REQUIRED WORK - Using only the entries below, output the lines starting at the one containing "Used 2024 Maserati" and ending at the one containing "2013 Subaru Outback - Image 6", exactly and inclusive of both, omitting the pictures.

AVAILABLE DATA -
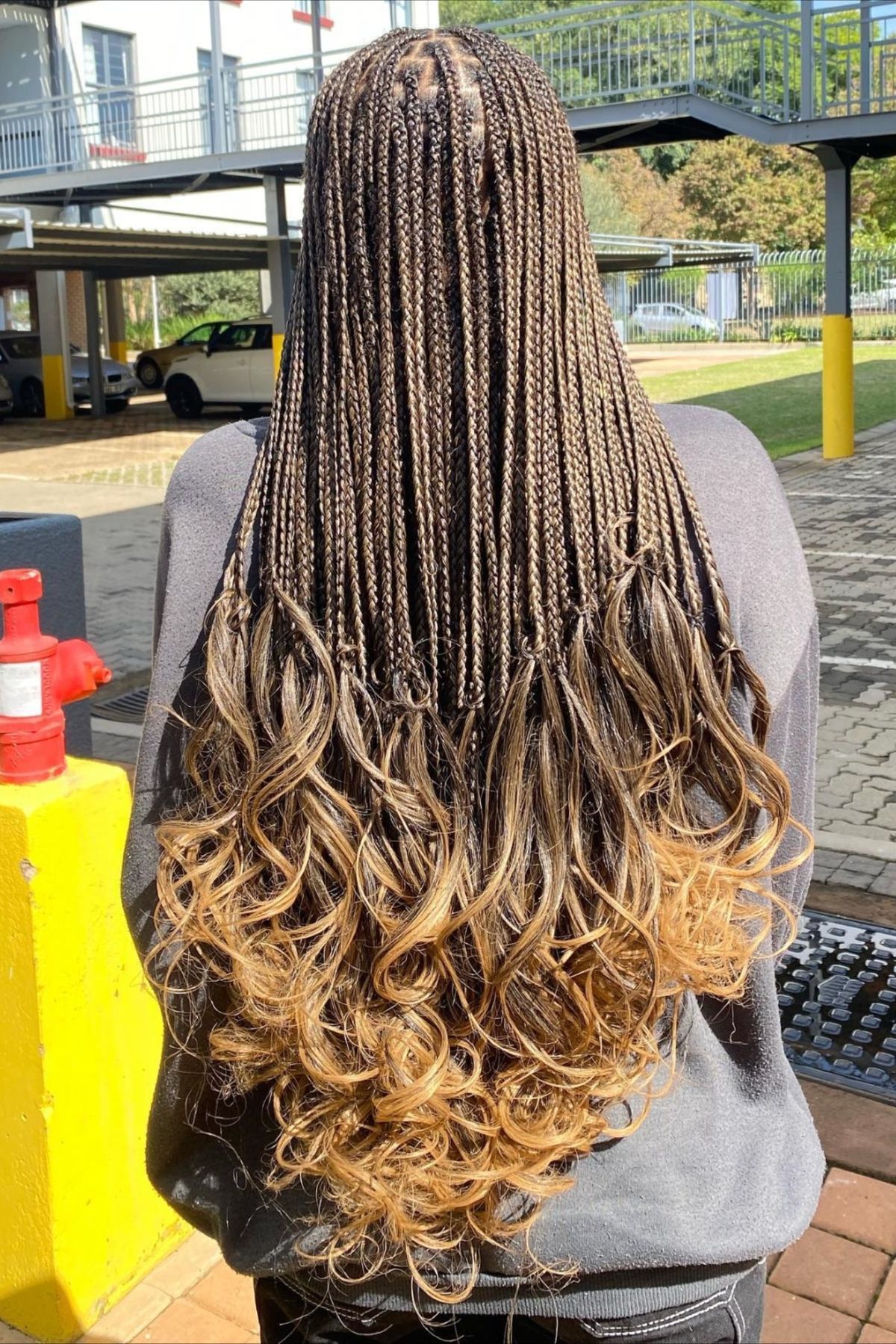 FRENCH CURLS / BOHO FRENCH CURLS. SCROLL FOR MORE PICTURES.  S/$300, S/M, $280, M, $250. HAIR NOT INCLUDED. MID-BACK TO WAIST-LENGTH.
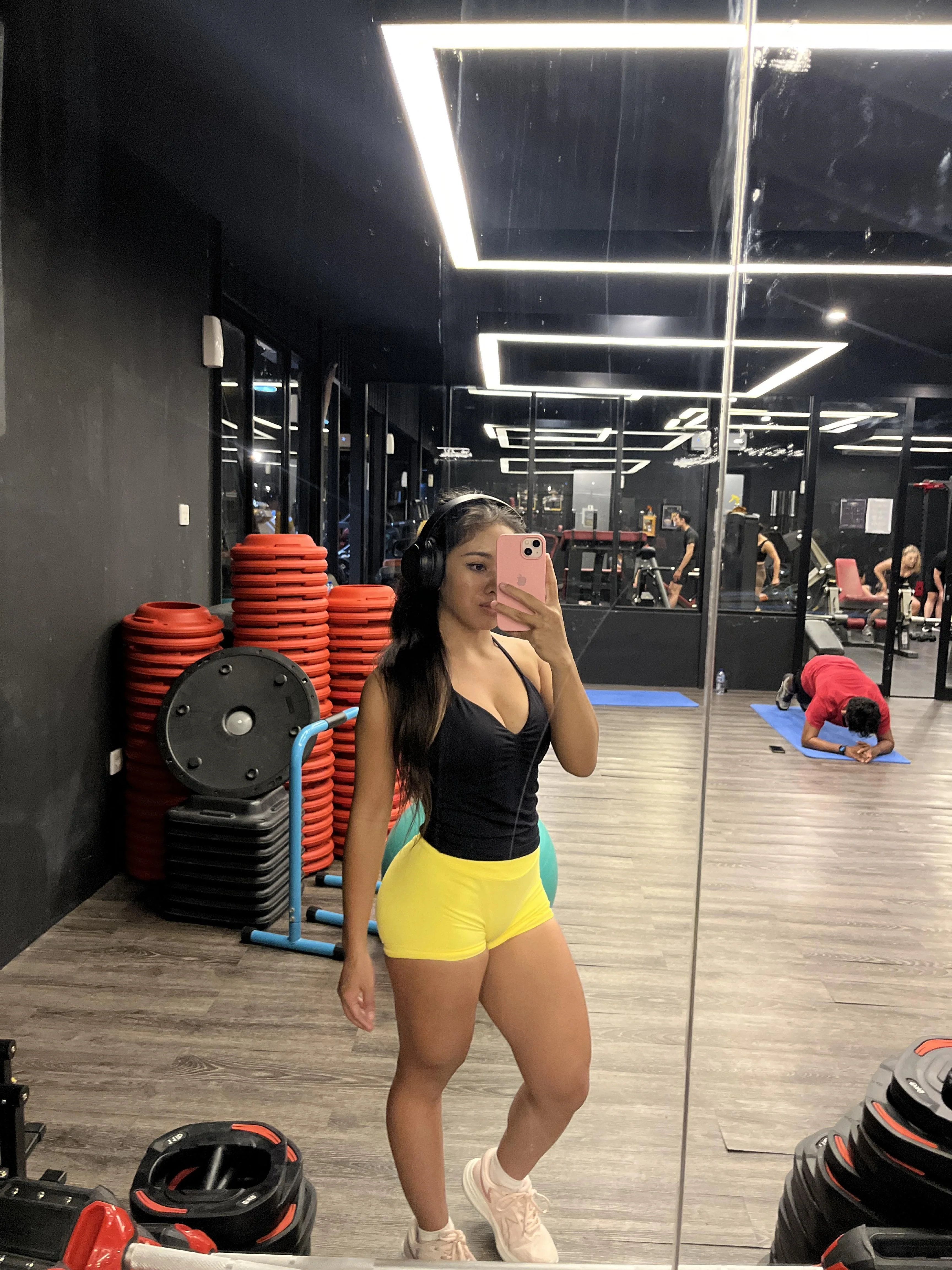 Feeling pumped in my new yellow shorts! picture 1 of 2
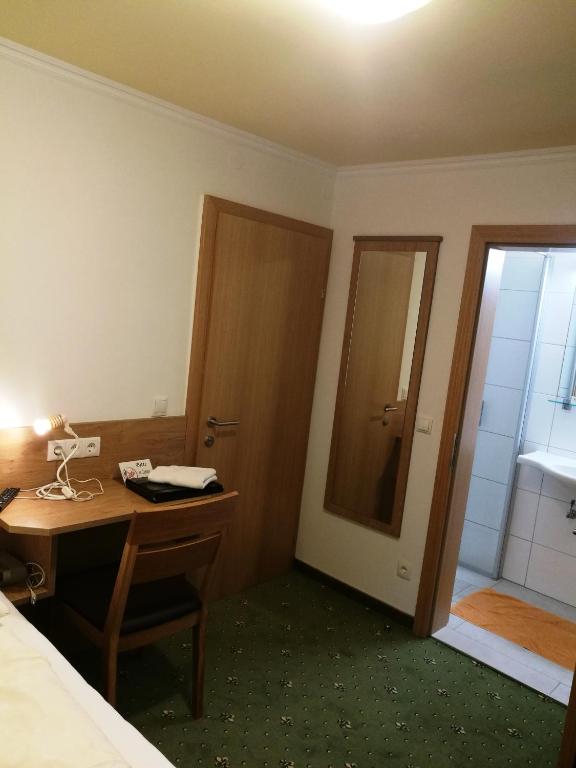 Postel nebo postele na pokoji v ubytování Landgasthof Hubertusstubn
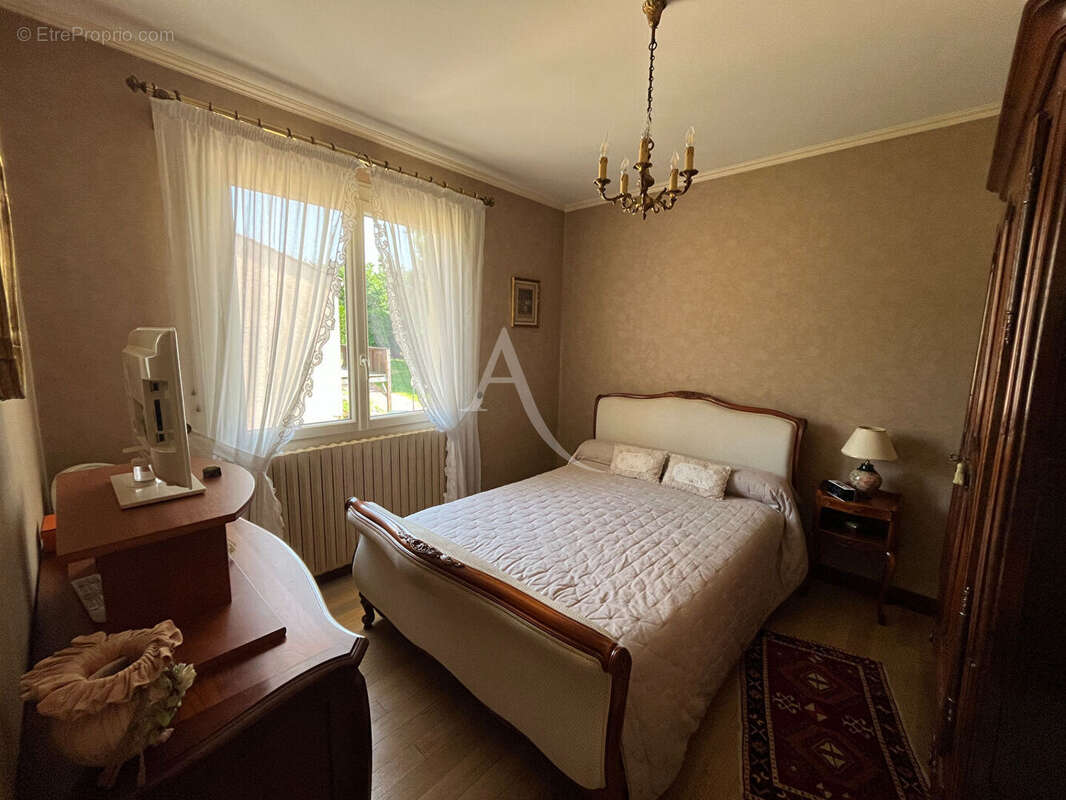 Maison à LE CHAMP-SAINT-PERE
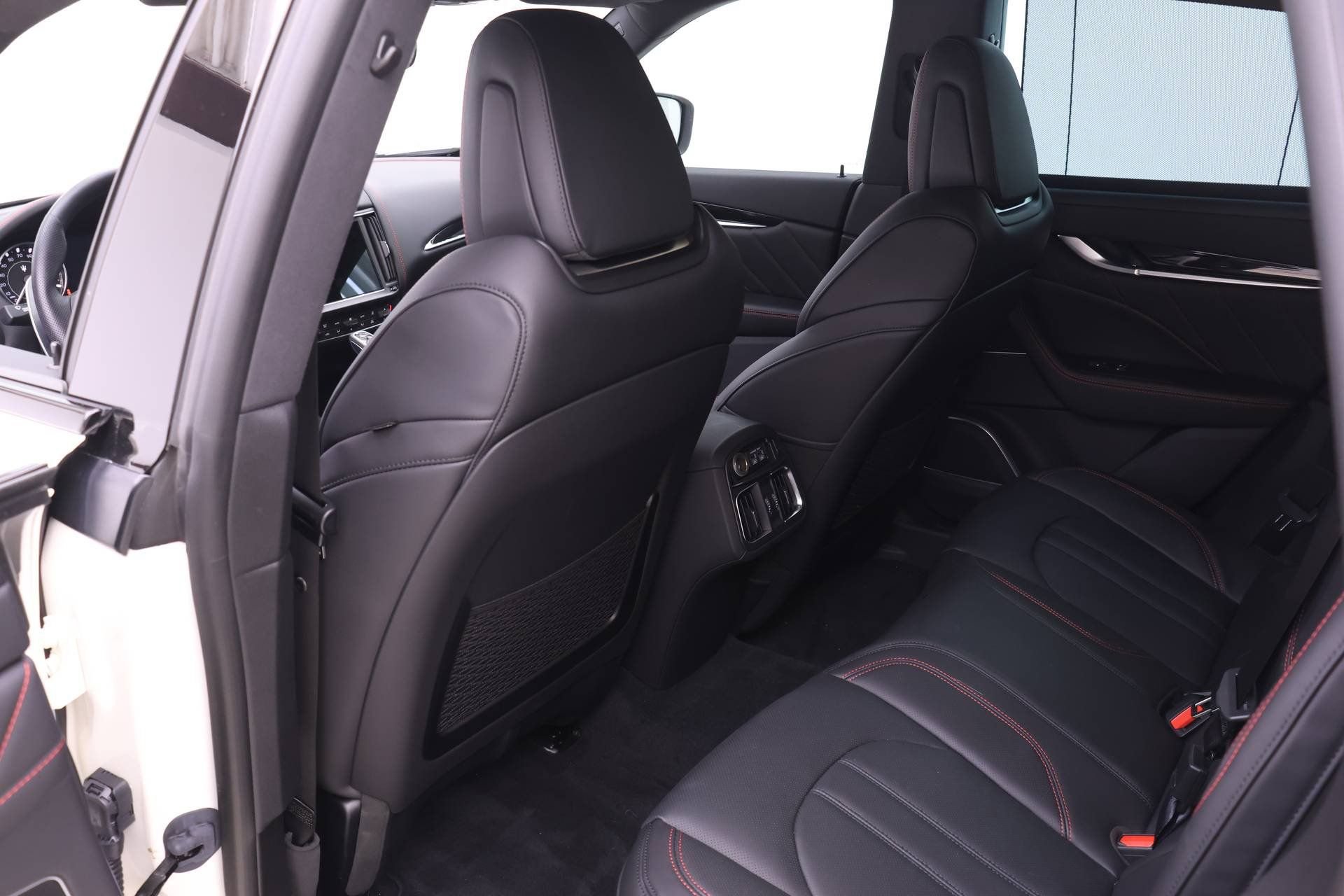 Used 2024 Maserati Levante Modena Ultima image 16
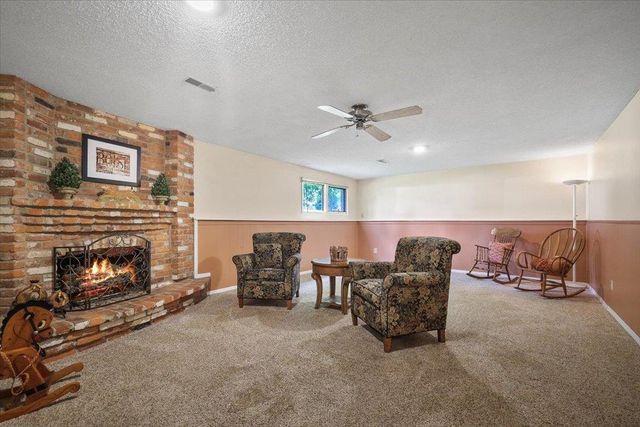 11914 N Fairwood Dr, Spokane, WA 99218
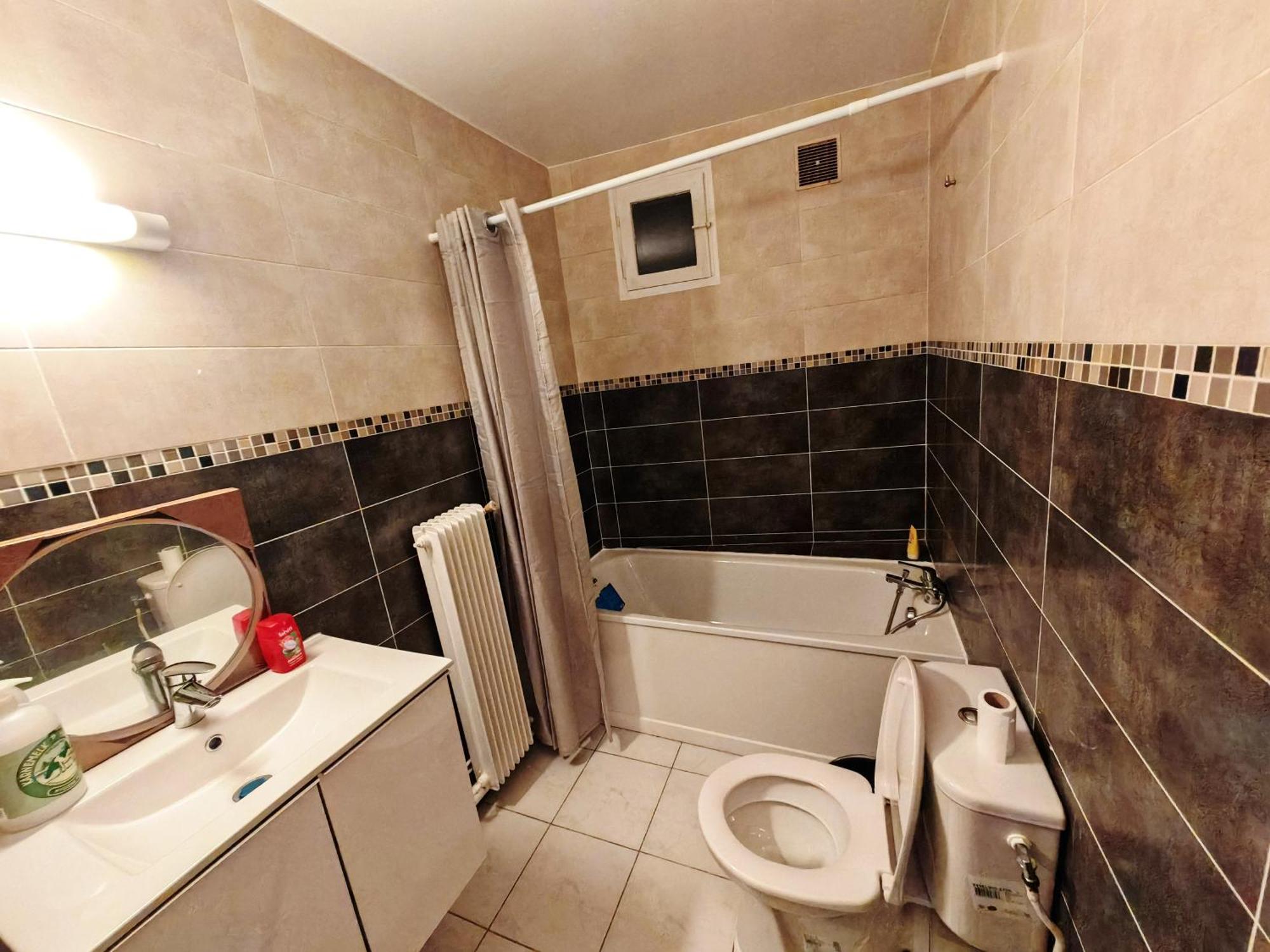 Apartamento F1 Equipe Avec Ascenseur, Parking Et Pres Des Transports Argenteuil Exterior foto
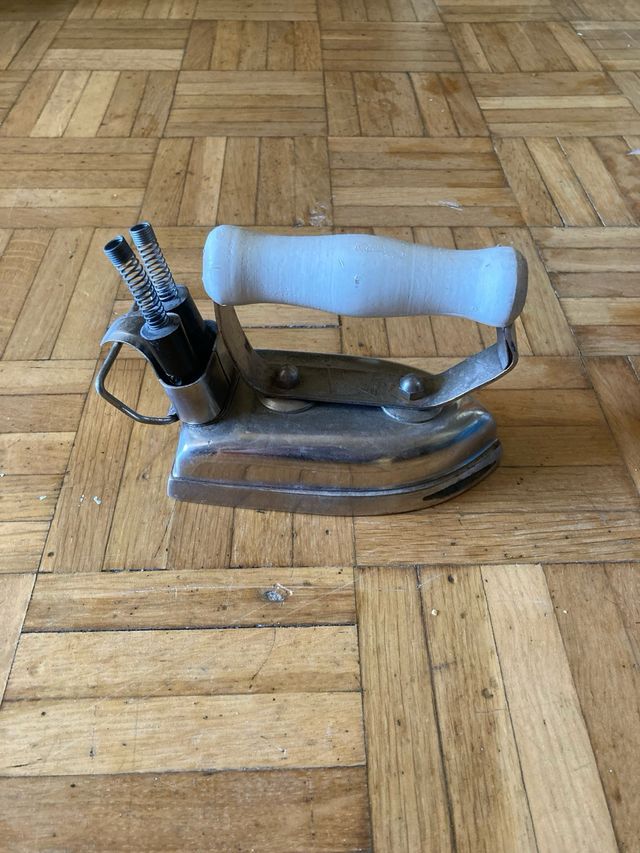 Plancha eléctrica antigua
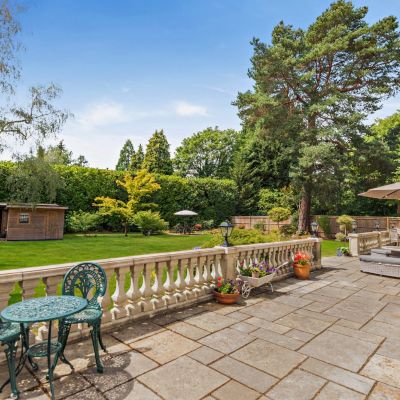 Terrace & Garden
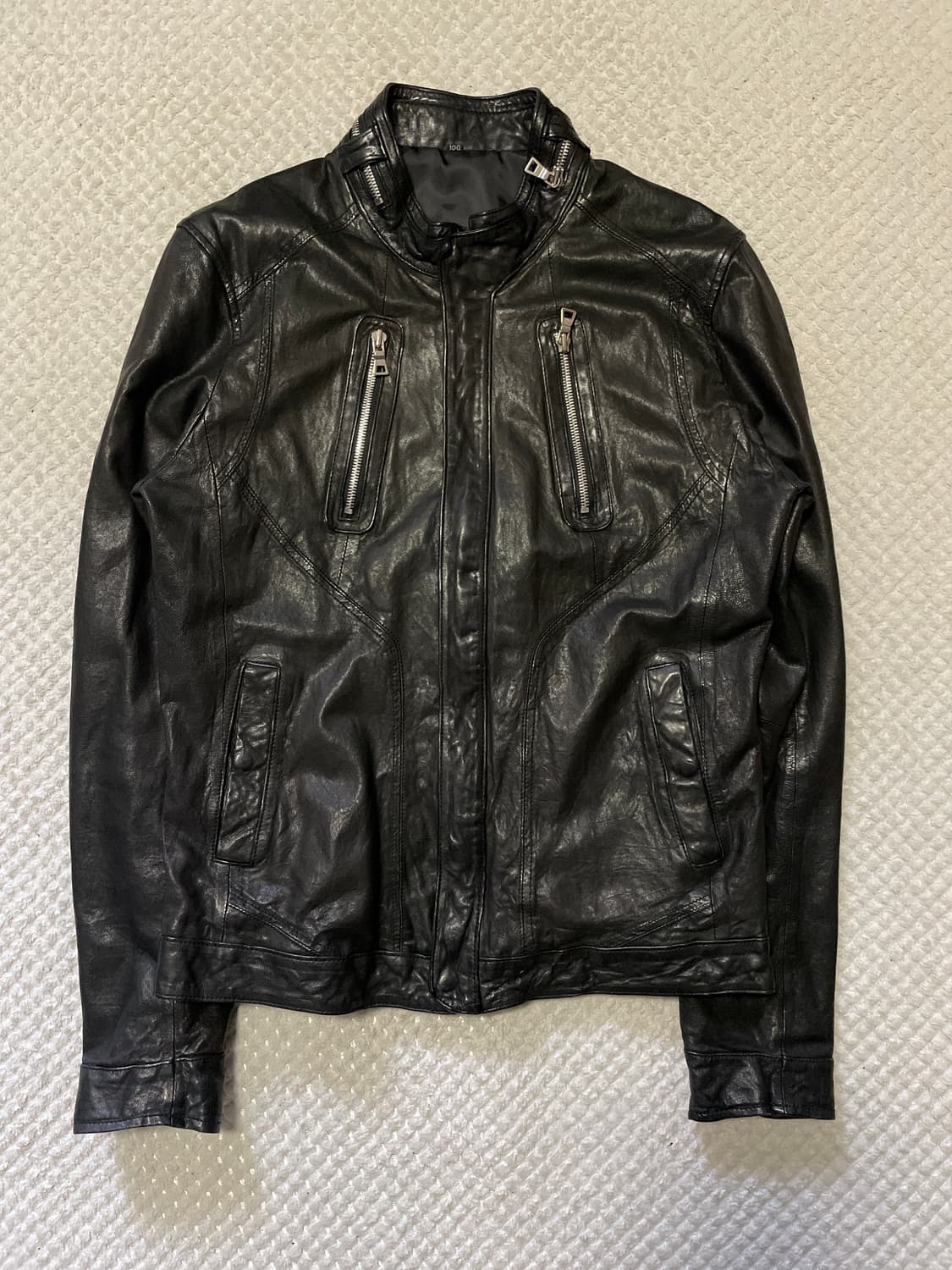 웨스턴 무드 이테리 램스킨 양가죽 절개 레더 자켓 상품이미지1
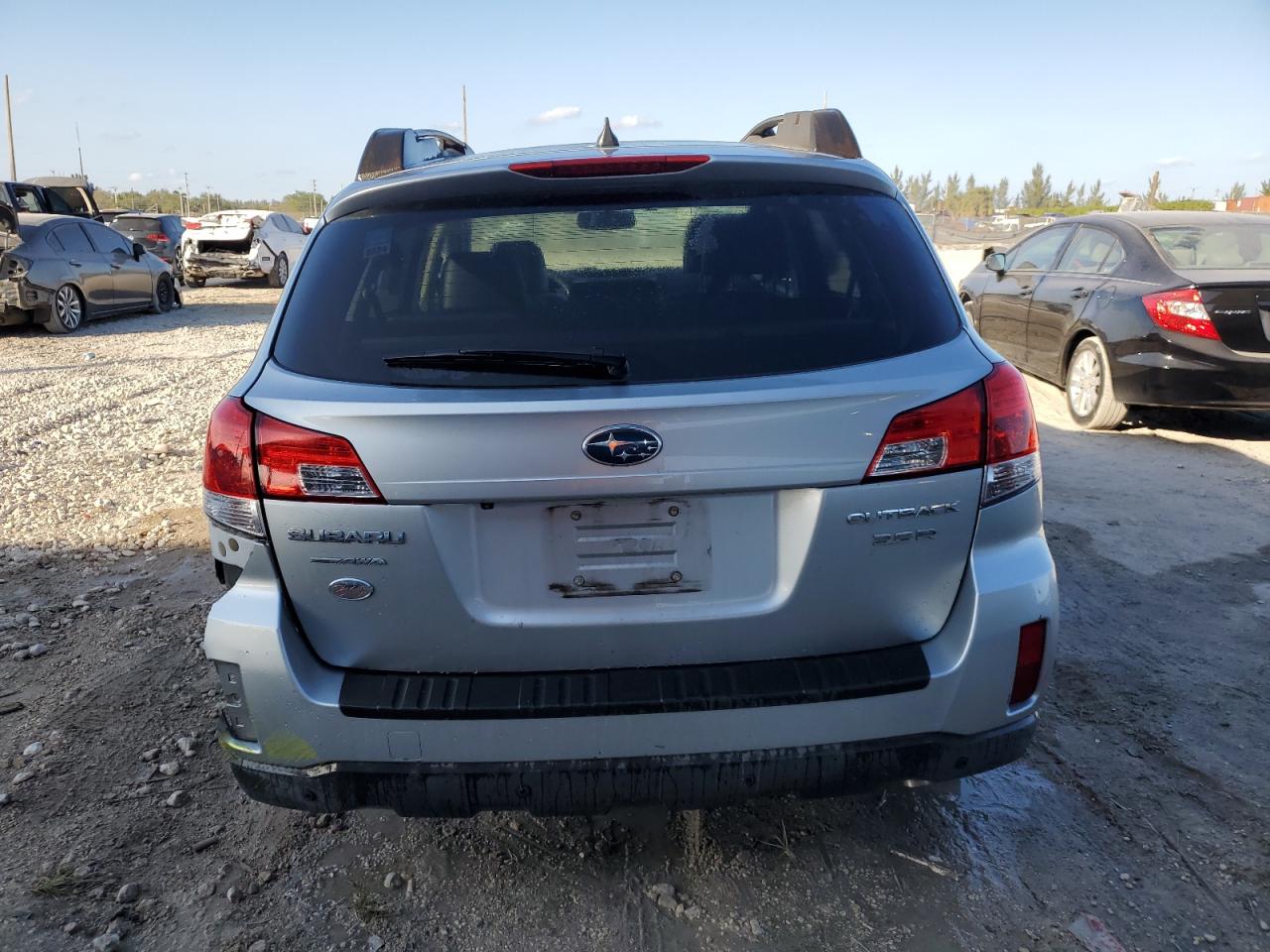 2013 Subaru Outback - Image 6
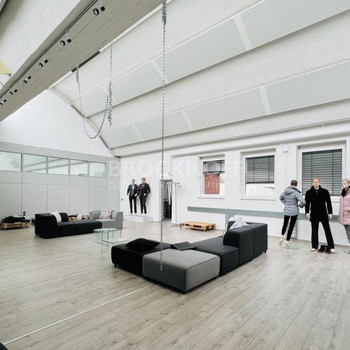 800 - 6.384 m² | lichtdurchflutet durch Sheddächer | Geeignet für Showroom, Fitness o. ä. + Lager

ANSWER SECTION -
 Used 2024 Maserati Levante Modena Ultima image 16
 11914 N Fairwood Dr, Spokane, WA 99218
 Apartamento F1 Equipe Avec Ascenseur, Parking Et Pres Des Transports Argenteuil Exterior foto
 Plancha eléctrica antigua
 Terrace & Garden
 웨스턴 무드 이테리 램스킨 양가죽 절개 레더 자켓 상품이미지1
 2013 Subaru Outback - Image 6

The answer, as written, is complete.